I purchased a basketball net to add to their collection of outdoor toys as soon as the pandemic started. They also like to play street hockey, ride their bikes, jump on their pogo stick, and shoot their homemade bows and arrows. This is all free play. I don't get involved. I stay inside and write frantically for every minute of peace I get.
The schedule is roughly the same each day: read non-fiction, practice times tables, do some spelling words, write a journal entry or letter, study the world map and memorize a few countries and capital cities, practice your instrument, read your novel. But it can change based on the mood.

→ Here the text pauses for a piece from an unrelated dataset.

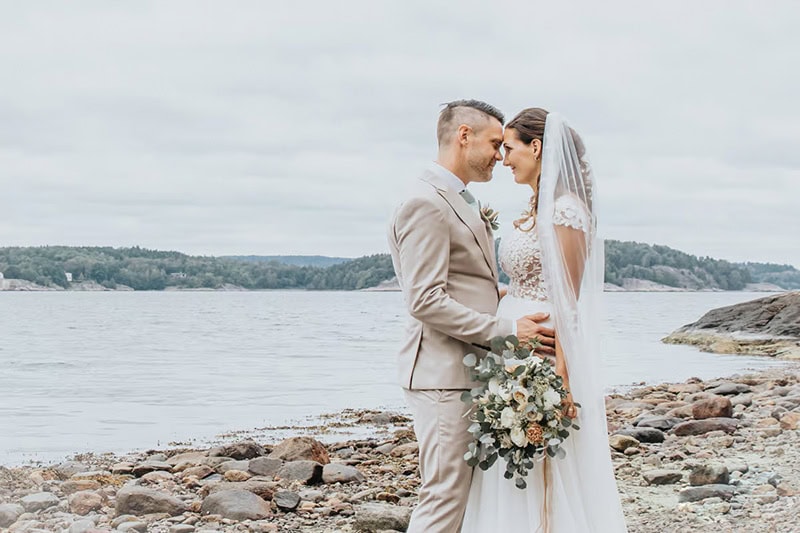 Brudpar står näsa mot näsa och myser på stranden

If the kids are feeling restless and rowdy, I send them outside for more time. If they're fighting a lot, I tighten up the school schedule, move them into separate rooms, and give them checklists and time limits for what needs to be done by, say, lunchtime. If they're engrossed in a game (or mourning the loss of a beloved hamster, as happened last week), all schoolwork goes out the window.
Screen time only happens after school work is finished (reading + music, at minimum), and it's only at the end of the day when I'm done work and need a little break. I use that time to work out in my garage or to prepare dinner.
Every family will have a different approach, no doubt, and what works for some may not work for another. But it can be helpful to know how others are approaching a tough time. To sum up, I'd say that if your kid is reading a lot and running around outside, you're on a good track.